====== Material supplied
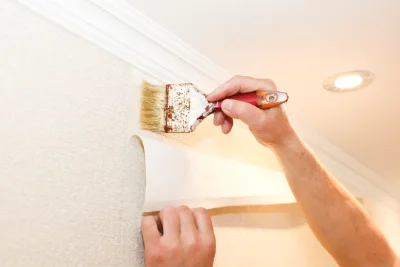 Pose de papier peint à Béruges — revêtements muraux et toiles de verre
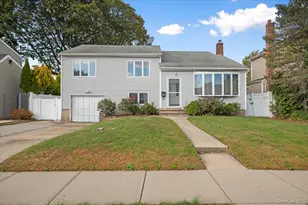 26 Bradford Ln, Bethpage, NY 11714 - Photo 2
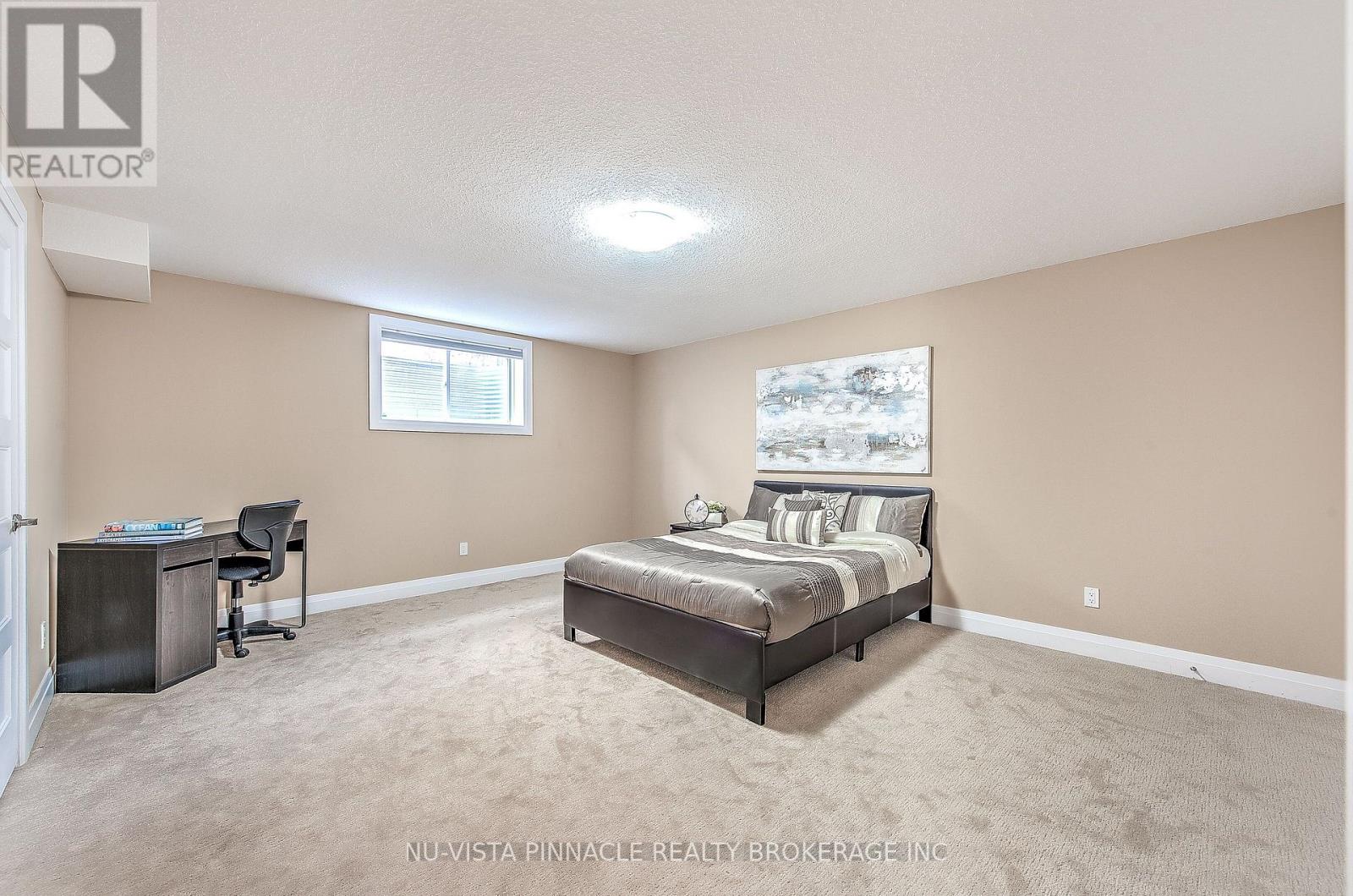 738 HICKORYRIDGE COMMON - Image 40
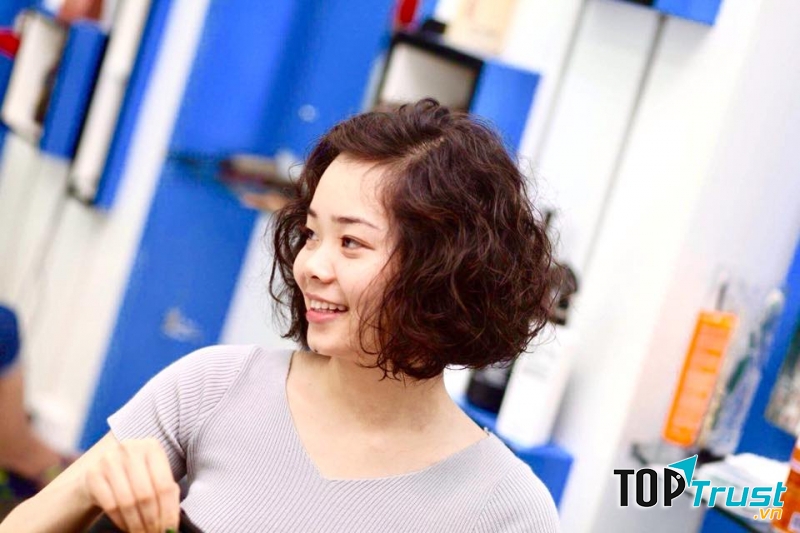 Kiểu tóc xoăn sóng nước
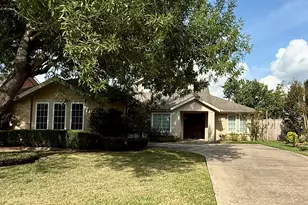 2131 Greencove Ln, Sugar Land, TX 77479 - Photo 32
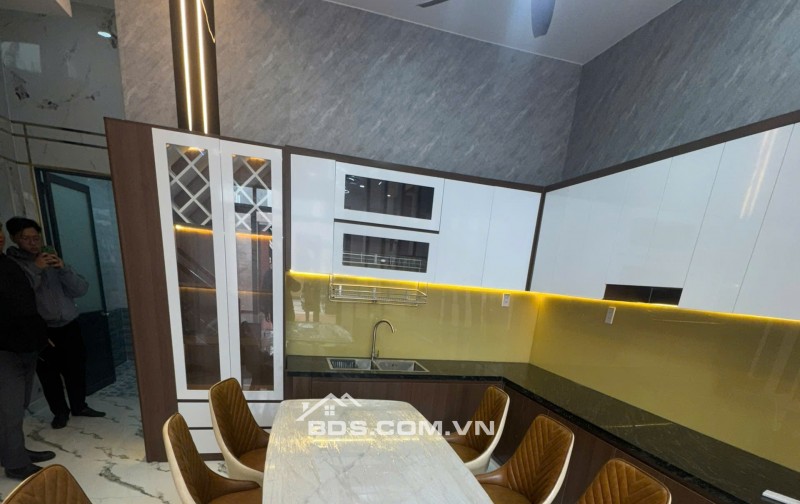CẦN BÁN GẤP NHÀ CHÍNH CHỦ 2 TẦNG 64M2 GIÁ 1,5 TỶ VÀO Ở NGAY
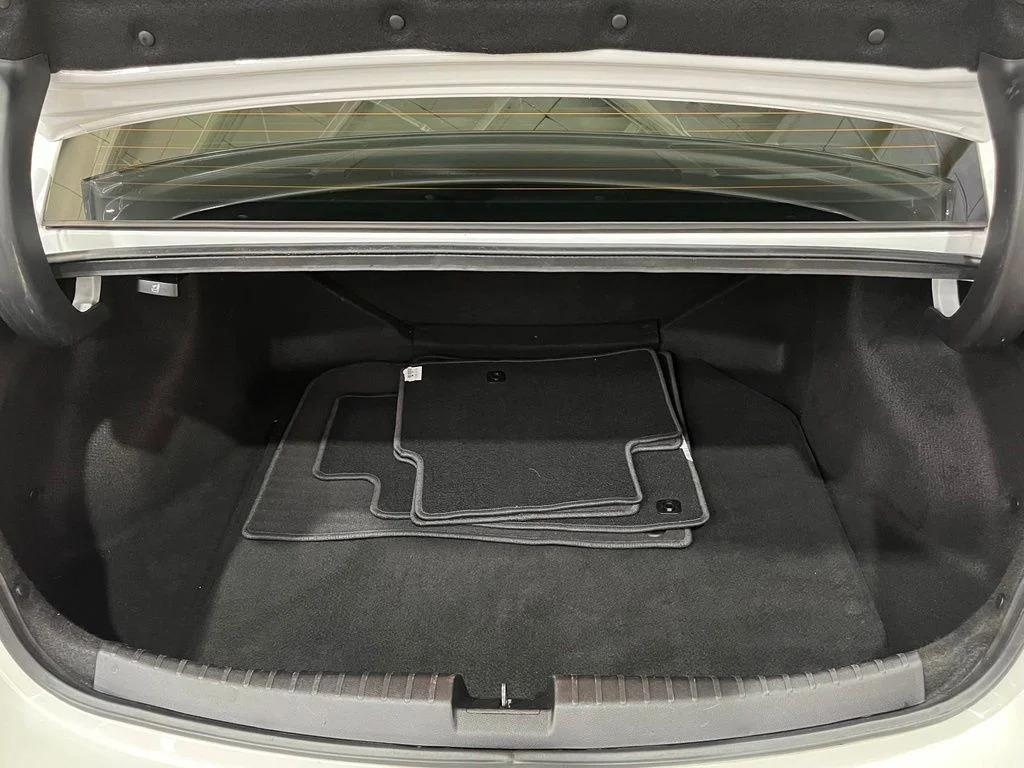 Used 2019 White Acura Technology & A-Spec Packages image 13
============
**Problem**
Please retype exactly the lines from the one containing "2131 Greencove Ln, Sugar" to the last line of the records above, both included, without any pictures.

**Answer section**
 2131 Greencove Ln, Sugar Land, TX 77479 - Photo 32
CẦN BÁN GẤP NHÀ CHÍNH CHỦ 2 TẦNG 64M2 GIÁ 1,5 TỶ VÀO Ở NGAY
 Used 2019 White Acura Technology & A-Spec Packages image 13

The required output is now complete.